_Aim of the task_:
Repeat the listing below in full and exactly. Pictures are to be omitted.

##### Data section #####

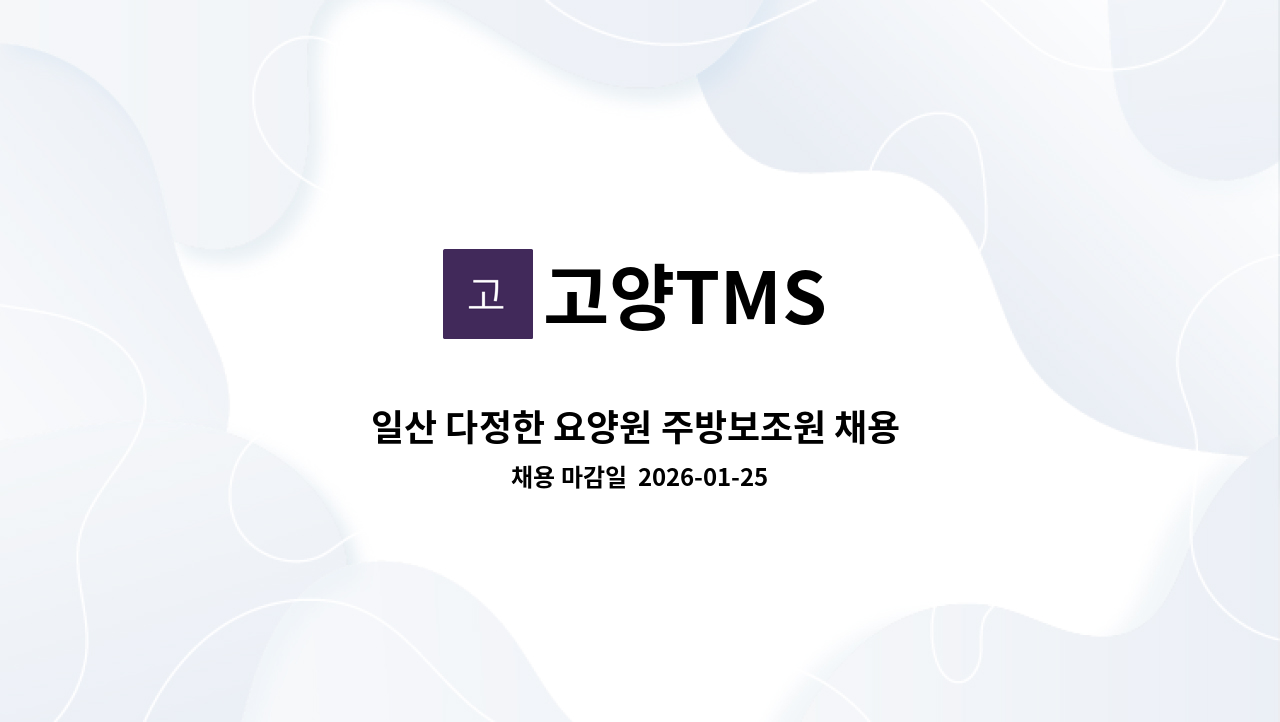 고양TMS - 일산 다정한 요양원 주방보조원 채용 (풀무원푸드머스 위탁급식) : 채용 메인 사진 (더팀스 제공)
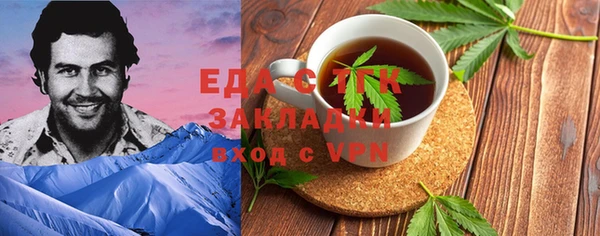 сатива Баксан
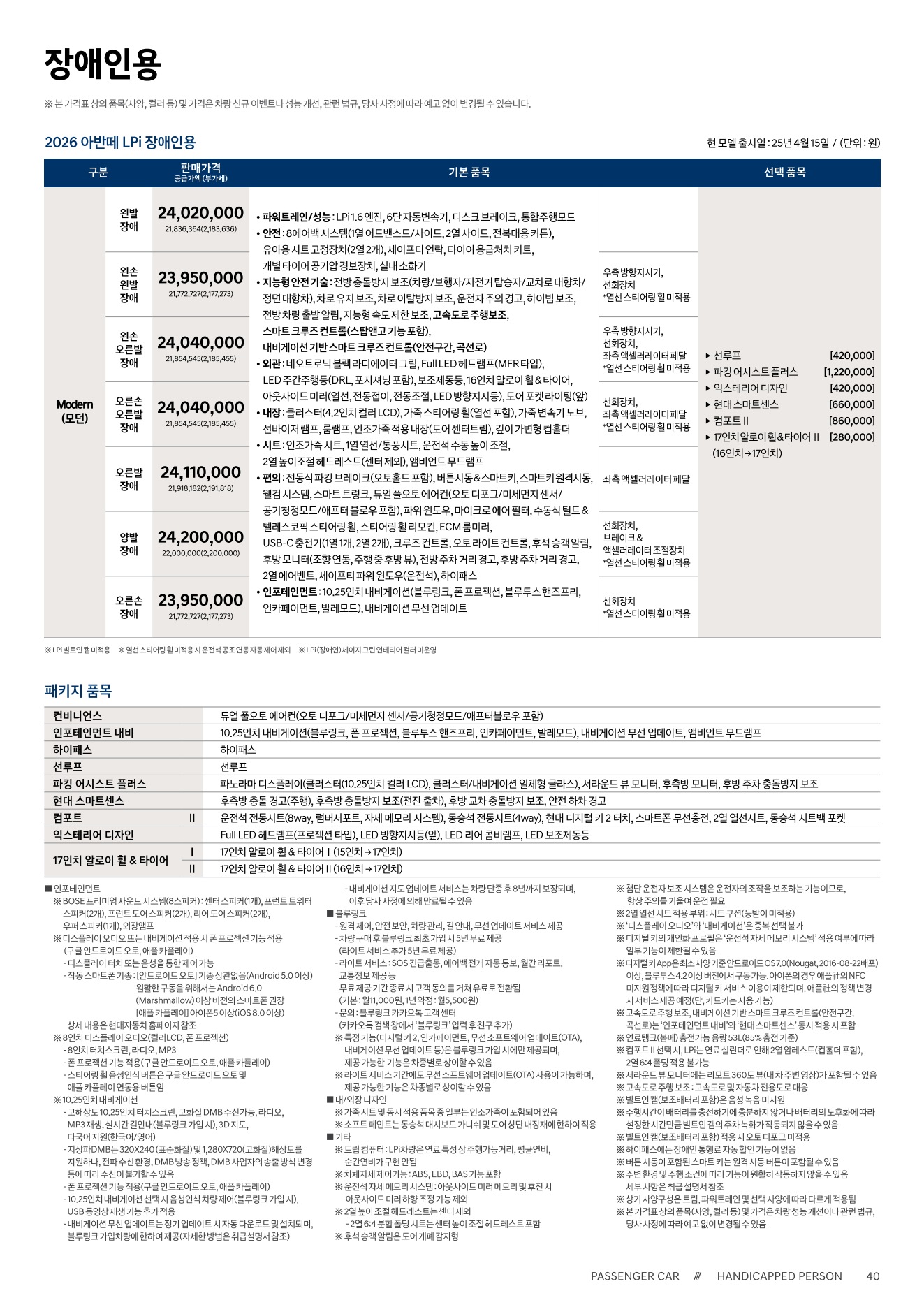 2026 현대 아반떼 카탈로그 이미지 - adea5dd31520e18a3b35ce0e47c5a7ae_F172jfv8_db572d1cf8a7fa6d94d3e32d6a2986f745a37503.jpg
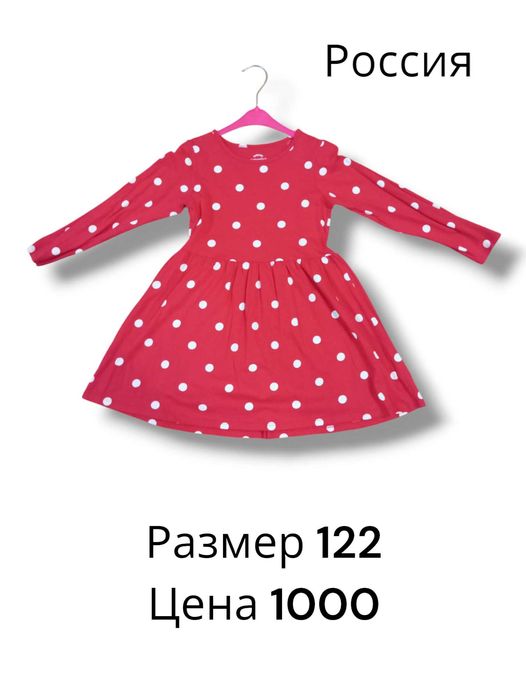 Платья на девочку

#####

_Answer to this problem_:
 고양TMS - 일산 다정한 요양원 주방보조원 채용 (풀무원푸드머스 위탁급식) : 채용 메인 사진 (더팀스 제공)
 сатива Баксан
 2026 현대 아반떼 카탈로그 이미지 - adea5dd31520e18a3b35ce0e47c5a7ae_F172jfv8_db572d1cf8a7fa6d94d3e32d6a2986f745a37503.jpg
 Платья на девочку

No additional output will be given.